Welcome to the new home of Good Math/Bad Math!
Sorry about the change. I know that it’s a pain for readers to switch to following the site at a new location. But it was, honestly, necessary.
Scientopia was originally set up to be a community. I know this, because I was the founder. Back before ScienceBlogs pulled its PepsiBlog stunt, I’d been considering leaving and setting up an alternative, non-profit community. When PepsiGate happened, and my friend Scicurious volunteered to help, I flipped the switch, and turned on what became scientopia.
Since then, I’ve been footing the bills – around $250/month. And I’ve been doing all of the systems administration – every backup, every upgrade, every cache tweek, every DDOS attack – I’ve taken care of them all on my own time. Even after we started showing ads, I’ve never gotten back a single cent. Just that endless drain of time and money.
And that was OK. Really. I’ve been doing it for 3 1/2 years, and while it was a lot of work, I kept at it. I genuinely believed in the ideals that we wrote into the scientopia charter. I really believed that the community we’d built was a good thing, a thing worth supporting.
Scientopia was supposed to be a community. A community where we made decisions, as a group. Where we interacted with each other as peers. Where, as our code said, “It is a community, held together by mutual respect and operated by consensus, in which people can write, educate, discuss, and learn about science and the process of doing science”.
But people are people. If you’ve got more than two people in a group, you’ll wind up getting some politics. And Scientopia, as a community, is no different.
As you may have noticed, Scientopia was down, for about 36 hours. Why?
Because our DNS record got messed up. DNS is the system on the internet that’s used to map from hostnames to numbers. It’s the thing that your web-browser uses to get from “scientopia.org” to the numeric 184.106.221.182, which tells it where scientopia.org can be found on the network.

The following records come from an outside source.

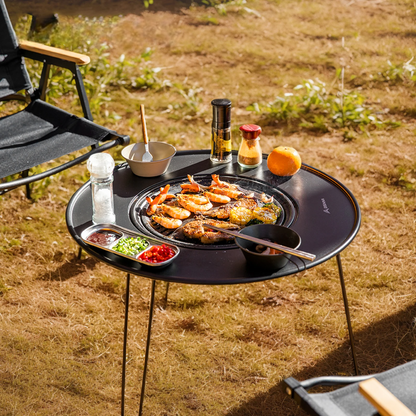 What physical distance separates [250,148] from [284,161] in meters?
0.17

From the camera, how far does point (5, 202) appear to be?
309cm

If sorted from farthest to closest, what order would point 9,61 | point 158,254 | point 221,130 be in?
point 9,61 < point 221,130 < point 158,254

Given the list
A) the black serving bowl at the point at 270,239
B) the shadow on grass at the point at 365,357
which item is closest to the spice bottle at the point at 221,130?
the black serving bowl at the point at 270,239

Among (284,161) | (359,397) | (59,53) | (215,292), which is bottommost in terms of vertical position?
(215,292)

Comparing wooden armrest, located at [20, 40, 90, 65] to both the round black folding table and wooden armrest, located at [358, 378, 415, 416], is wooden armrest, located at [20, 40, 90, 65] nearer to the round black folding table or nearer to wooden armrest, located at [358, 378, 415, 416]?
the round black folding table

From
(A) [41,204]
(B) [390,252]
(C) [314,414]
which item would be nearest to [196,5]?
(A) [41,204]

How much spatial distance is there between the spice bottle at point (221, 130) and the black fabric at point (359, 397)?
1.16 meters

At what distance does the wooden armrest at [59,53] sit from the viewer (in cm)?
243

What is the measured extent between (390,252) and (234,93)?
2.58 metres

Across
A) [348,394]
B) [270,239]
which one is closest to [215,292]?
[270,239]

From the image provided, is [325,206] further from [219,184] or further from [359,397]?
[359,397]

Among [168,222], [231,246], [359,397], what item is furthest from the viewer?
[168,222]

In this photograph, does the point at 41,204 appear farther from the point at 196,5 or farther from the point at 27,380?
the point at 196,5

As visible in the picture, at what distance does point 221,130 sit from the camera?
2.03 metres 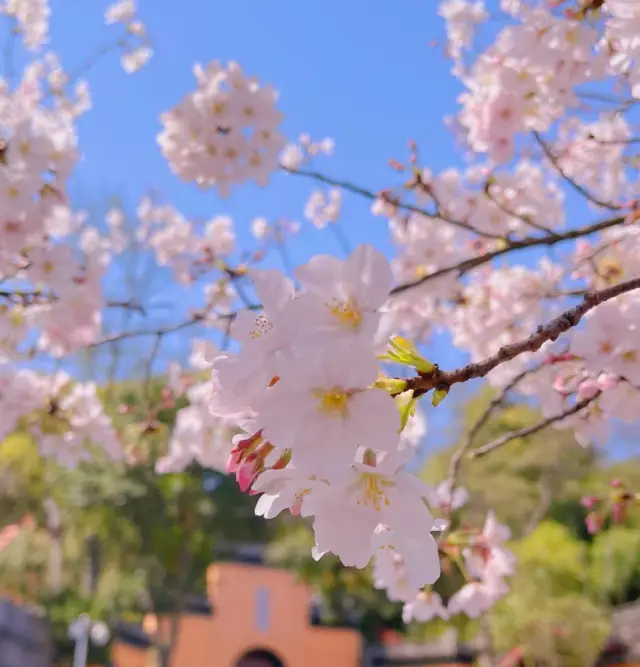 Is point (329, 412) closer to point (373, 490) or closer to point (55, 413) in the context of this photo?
point (373, 490)

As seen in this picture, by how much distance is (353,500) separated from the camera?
630 millimetres

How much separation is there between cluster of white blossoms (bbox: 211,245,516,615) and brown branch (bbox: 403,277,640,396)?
3 centimetres

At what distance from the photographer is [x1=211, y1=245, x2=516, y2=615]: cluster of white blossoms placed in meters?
0.55

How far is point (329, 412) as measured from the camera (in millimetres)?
562

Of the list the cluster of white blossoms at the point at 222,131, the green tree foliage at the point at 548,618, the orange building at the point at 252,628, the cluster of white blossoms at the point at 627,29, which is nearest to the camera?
the cluster of white blossoms at the point at 627,29

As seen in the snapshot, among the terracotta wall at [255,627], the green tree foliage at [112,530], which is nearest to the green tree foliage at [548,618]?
the terracotta wall at [255,627]

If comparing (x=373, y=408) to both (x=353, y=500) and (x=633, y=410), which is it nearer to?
(x=353, y=500)

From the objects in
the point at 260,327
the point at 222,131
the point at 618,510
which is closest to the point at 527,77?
the point at 222,131

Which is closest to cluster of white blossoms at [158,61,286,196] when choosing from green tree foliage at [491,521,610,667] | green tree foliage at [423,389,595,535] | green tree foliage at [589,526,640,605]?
green tree foliage at [491,521,610,667]

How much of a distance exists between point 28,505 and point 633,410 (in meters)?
12.1

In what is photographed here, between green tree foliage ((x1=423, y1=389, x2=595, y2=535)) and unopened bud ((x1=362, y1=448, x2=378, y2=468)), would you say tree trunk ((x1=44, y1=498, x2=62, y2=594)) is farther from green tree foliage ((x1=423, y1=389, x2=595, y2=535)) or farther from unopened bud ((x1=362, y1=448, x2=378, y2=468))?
unopened bud ((x1=362, y1=448, x2=378, y2=468))

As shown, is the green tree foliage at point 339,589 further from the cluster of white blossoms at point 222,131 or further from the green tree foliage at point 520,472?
the cluster of white blossoms at point 222,131

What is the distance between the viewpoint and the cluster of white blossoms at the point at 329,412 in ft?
1.80

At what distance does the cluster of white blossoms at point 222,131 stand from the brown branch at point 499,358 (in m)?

The DNS registration was expiring, and the person who controlled the DNS decided to move to a different registrar, and they created an invalid DNS record with the new registrar. As a result, no one could get to scientopia. This was completely beyond my control: this person had sole control of the DNS record, and refused to allow anyone else access.
(For the tech-heads out there, after switching DNS providers, this person only created a CNAME record for the site. CNAME records are aliases/redirects from one resolvable hostname to another resolvable hostname. Since our IP address isn’t a resolvable hostname, DNS servers rejected the record as invalid, and thus Scientopia was not resolved.)

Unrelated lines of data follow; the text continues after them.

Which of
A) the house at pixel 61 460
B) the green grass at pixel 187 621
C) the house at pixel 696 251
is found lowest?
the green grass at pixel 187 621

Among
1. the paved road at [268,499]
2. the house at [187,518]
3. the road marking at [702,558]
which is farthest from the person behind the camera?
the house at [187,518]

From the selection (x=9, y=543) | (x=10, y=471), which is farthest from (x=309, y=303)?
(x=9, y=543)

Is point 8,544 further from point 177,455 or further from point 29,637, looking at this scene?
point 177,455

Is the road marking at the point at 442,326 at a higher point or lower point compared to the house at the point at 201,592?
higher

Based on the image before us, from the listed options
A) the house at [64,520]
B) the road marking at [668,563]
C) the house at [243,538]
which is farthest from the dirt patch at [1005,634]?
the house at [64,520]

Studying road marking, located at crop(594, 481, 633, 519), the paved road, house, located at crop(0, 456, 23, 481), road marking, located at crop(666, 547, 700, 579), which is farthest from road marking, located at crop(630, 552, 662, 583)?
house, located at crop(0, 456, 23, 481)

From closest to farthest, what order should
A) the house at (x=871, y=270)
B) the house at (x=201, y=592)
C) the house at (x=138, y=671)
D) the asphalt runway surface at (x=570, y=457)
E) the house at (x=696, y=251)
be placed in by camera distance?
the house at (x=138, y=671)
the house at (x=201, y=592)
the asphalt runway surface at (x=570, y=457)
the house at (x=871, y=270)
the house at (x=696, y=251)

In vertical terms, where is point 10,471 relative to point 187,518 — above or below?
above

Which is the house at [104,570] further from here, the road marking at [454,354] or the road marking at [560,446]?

Fine. Screwups happen, right?
Except for the part where the guilty party decided to blame me. To cover up for their screwup, by lying about what was wrong, and blame it on me. To scapegoat me – not just about this, but to accuse me of general incompetence, and to blame me for the repeated DNS screwups.
The DNS record continues to be the one piece of infrastructure of scientopia that remains in the hands of one person. Despite repeated promises to turn them over to the community, it hasn’t happened. There’s been one condition, one excuse after another. When the community elects a governing board. When the community incorporates. When the community formally registers members as owners. For three and a half years, it’s always been a unkept promise. The community was never allowed to have any access to managing the DNS record.
Even when the site was down, allowing anyone else to have any access to the password needed to fix it was simply out of the question. I was expected to – and did, years ago – turn over the passwords to the site hosting account, which was secured with my personal credit card. But getting the site back up? Too much to ask for. And then they didn’t even have the decency to admit that they made a mistake, but instead tried to blame it on me. (And, I’ll add, has still refused to admit that registering the CNAME was an error, at all.)
This wasn’t the first time something like this happened. This has been a repeated pattern. Not the first, but I decided that it had to be the last.
Running a blog site like Scientopia is a lot of work. Keeping it up, monitoring it, keeping it up to date, dealing with every problem that any of the bloggers have – it’s a lot of work. At times, it’s a lot of aggravation. When you add malicious behavior and abuse on top of that? It’s just too much to put up with.
I’ve still got a lot of people at Scientopia that I consider my friends. I wish them well. But I’m done with it.